◆ **GIVEN ENTRIES**
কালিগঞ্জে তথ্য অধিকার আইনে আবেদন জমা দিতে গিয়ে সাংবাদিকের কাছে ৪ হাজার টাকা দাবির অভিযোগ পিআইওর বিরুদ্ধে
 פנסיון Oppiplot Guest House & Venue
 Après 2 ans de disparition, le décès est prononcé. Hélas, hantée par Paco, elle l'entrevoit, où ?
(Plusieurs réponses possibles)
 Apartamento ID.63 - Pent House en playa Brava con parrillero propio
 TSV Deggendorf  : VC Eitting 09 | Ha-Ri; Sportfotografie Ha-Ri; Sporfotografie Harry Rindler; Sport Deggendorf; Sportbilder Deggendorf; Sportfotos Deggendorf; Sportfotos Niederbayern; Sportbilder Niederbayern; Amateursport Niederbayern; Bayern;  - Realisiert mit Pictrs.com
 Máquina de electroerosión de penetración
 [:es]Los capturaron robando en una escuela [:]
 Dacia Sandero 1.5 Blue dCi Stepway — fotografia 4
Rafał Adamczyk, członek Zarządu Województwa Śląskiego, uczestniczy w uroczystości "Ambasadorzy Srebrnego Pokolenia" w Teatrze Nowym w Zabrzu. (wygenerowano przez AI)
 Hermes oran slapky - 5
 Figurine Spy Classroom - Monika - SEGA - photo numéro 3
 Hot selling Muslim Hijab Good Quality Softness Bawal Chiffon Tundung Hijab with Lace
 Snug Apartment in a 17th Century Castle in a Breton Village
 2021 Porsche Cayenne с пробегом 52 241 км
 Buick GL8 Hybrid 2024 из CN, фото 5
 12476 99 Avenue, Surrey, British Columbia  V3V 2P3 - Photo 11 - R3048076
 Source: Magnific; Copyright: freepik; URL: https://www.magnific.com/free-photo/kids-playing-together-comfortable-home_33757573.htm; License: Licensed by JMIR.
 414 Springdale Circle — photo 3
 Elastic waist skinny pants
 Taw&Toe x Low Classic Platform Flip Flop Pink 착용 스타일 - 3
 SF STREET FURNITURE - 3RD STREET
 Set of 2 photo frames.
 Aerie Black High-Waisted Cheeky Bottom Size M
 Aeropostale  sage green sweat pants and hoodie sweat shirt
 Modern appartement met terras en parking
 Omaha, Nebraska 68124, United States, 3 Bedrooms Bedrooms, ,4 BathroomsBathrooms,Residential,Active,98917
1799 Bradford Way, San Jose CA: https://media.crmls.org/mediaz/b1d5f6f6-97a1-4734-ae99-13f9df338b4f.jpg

◆ **PROBLEM DESCRIPTION**
Once more, write all of the records exactly as given.

◆ **RESPONSE AREA**
কালিগঞ্জে তথ্য অধিকার আইনে আবেদন জমা দিতে গিয়ে সাংবাদিকের কাছে ৪ হাজার টাকা দাবির অভিযোগ পিআইওর বিরুদ্ধে
 פנסיון Oppiplot Guest House & Venue
 Après 2 ans de disparition, le décès est prononcé. Hélas, hantée par Paco, elle l'entrevoit, où ?
(Plusieurs réponses possibles)
 Apartamento ID.63 - Pent House en playa Brava con parrillero propio
 TSV Deggendorf  : VC Eitting 09 | Ha-Ri; Sportfotografie Ha-Ri; Sporfotografie Harry Rindler; Sport Deggendorf; Sportbilder Deggendorf; Sportfotos Deggendorf; Sportfotos Niederbayern; Sportbilder Niederbayern; Amateursport Niederbayern; Bayern;  - Realisiert mit Pictrs.com
 Máquina de electroerosión de penetración
 [:es]Los capturaron robando en una escuela [:]
 Dacia Sandero 1.5 Blue dCi Stepway — fotografia 4
Rafał Adamczyk, członek Zarządu Województwa Śląskiego, uczestniczy w uroczystości "Ambasadorzy Srebrnego Pokolenia" w Teatrze Nowym w Zabrzu. (wygenerowano przez AI)
 Hermes oran slapky - 5
 Figurine Spy Classroom - Monika - SEGA - photo numéro 3
 Hot selling Muslim Hijab Good Quality Softness Bawal Chiffon Tundung Hijab with Lace
 Snug Apartment in a 17th Century Castle in a Breton Village
 2021 Porsche Cayenne с пробегом 52 241 км
 Buick GL8 Hybrid 2024 из CN, фото 5
 12476 99 Avenue, Surrey, British Columbia  V3V 2P3 - Photo 11 - R3048076
 Source: Magnific; Copyright: freepik; URL: https://www.magnific.com/free-photo/kids-playing-together-comfortable-home_33757573.htm; License: Licensed by JMIR.
 414 Springdale Circle — photo 3
 Elastic waist skinny pants
 Taw&Toe x Low Classic Platform Flip Flop Pink 착용 스타일 - 3
 SF STREET FURNITURE - 3RD STREET
 Set of 2 photo frames.
 Aerie Black High-Waisted Cheeky Bottom Size M
 Aeropostale  sage green sweat pants and hoodie sweat shirt
 Modern appartement met terras en parking
 Omaha, Nebraska 68124, United States, 3 Bedrooms Bedrooms, ,4 BathroomsBathrooms,Residential,Active,98917
1799 Bradford Way, San Jose CA: https://media.crmls.org/mediaz/b1d5f6f6-97a1-4734-ae99-13f9df338b4f.jpg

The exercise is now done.